**Records from a data collection:**

----------

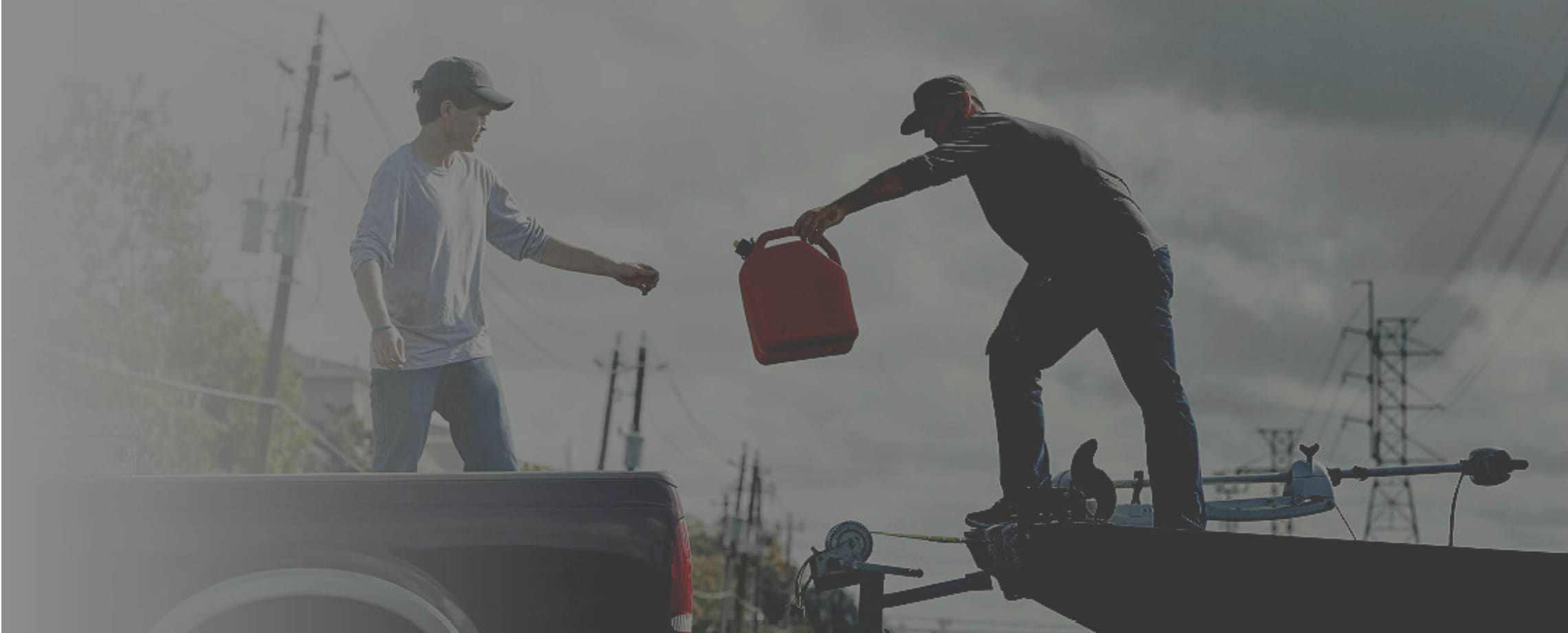 Man on trailer passing a gas can to a person standing in a pickup truck's bed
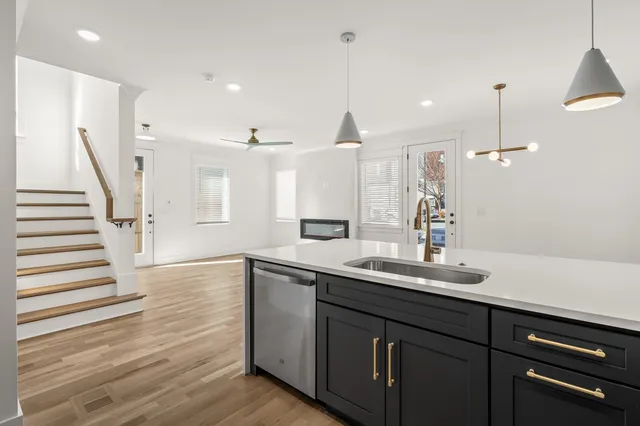 a kitchen with a sink and dishwasher wooden floor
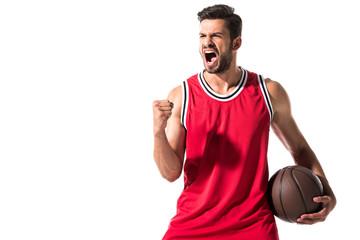 excited athletic basketball player in uniform with ball Isolated On White with copy space - obrazy, fototapety, plakaty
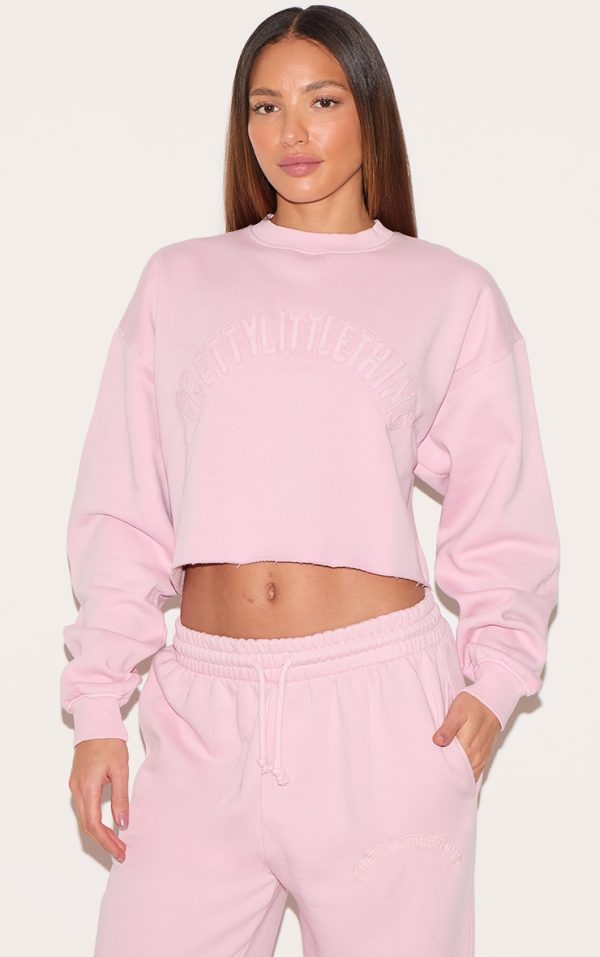 PRETTYLITTLETHING Tall Washed Pink Distressed Varsity Cropped Sweatshirt
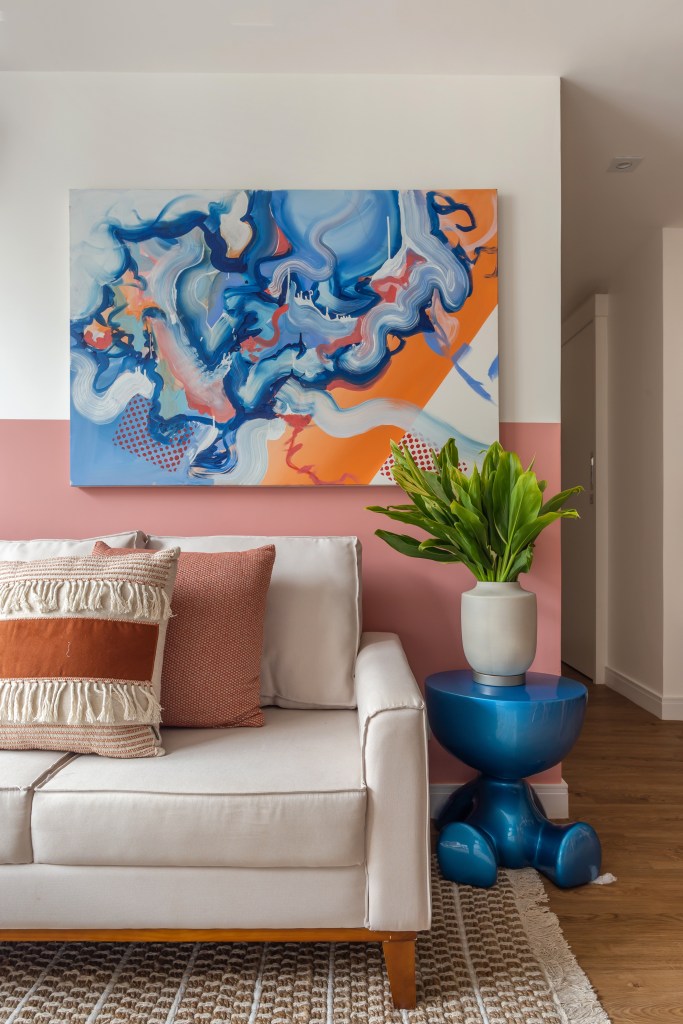 Sala de estar com sofá branco; meia parede rosa; quadro cima do sofá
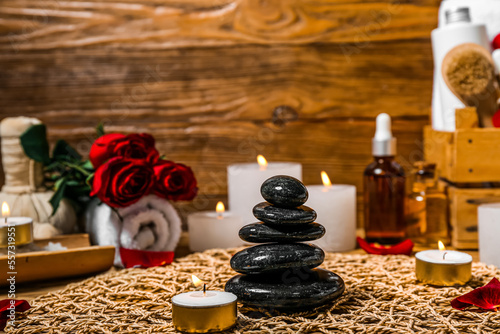 Spa stones with burning candle on wooden table, closeup. Valentine's Day celebration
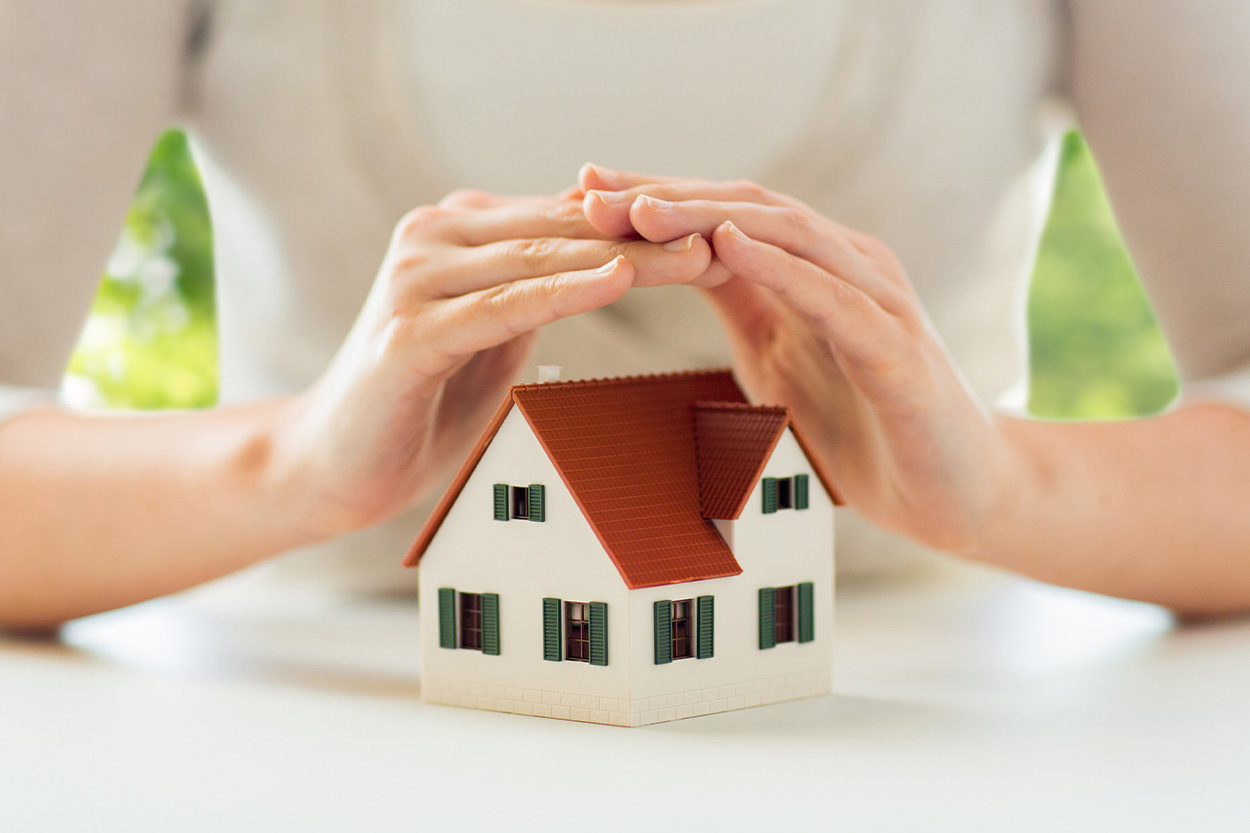 Woman covering house with hands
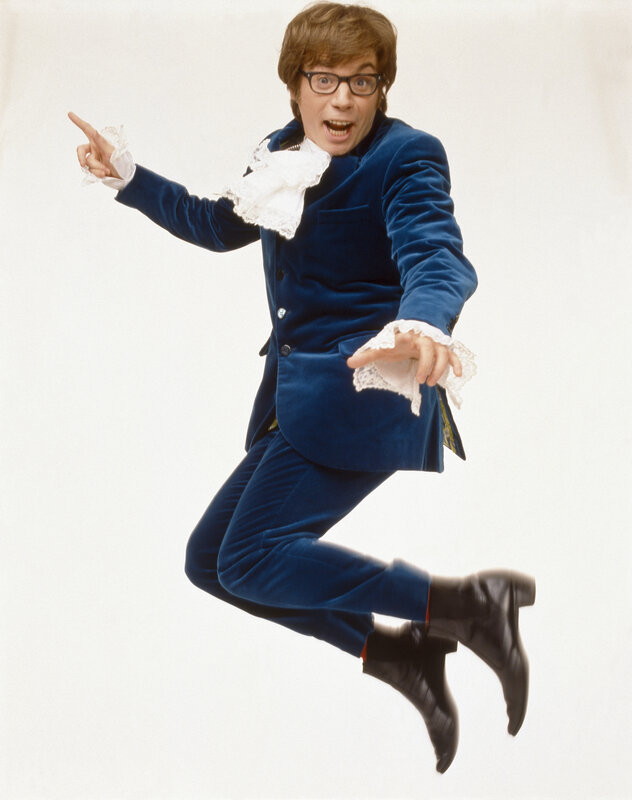 Man in blue suit jumping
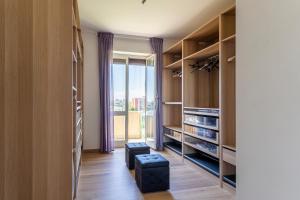 a living room with wooden cabinets and a large window at Livorno - Sea View Apartment! in Livorno
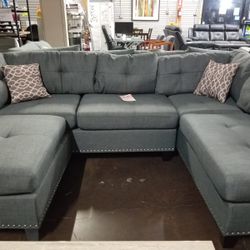 Gray sectional with pinheads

----------

**How to complete this task:** Without the pictures, give all the records above again exactly.

**Result for this exercise:**
 Man on trailer passing a gas can to a person standing in a pickup truck's bed
 a kitchen with a sink and dishwasher wooden floor
 excited athletic basketball player in uniform with ball Isolated On White with copy space - obrazy, fototapety, plakaty
 PRETTYLITTLETHING Tall Washed Pink Distressed Varsity Cropped Sweatshirt
 Sala de estar com sofá branco; meia parede rosa; quadro cima do sofá
 Spa stones with burning candle on wooden table, closeup. Valentine's Day celebration
 Woman covering house with hands
 Man in blue suit jumping
 a living room with wooden cabinets and a large window at Livorno - Sea View Apartment! in Livorno
 Gray sectional with pinheads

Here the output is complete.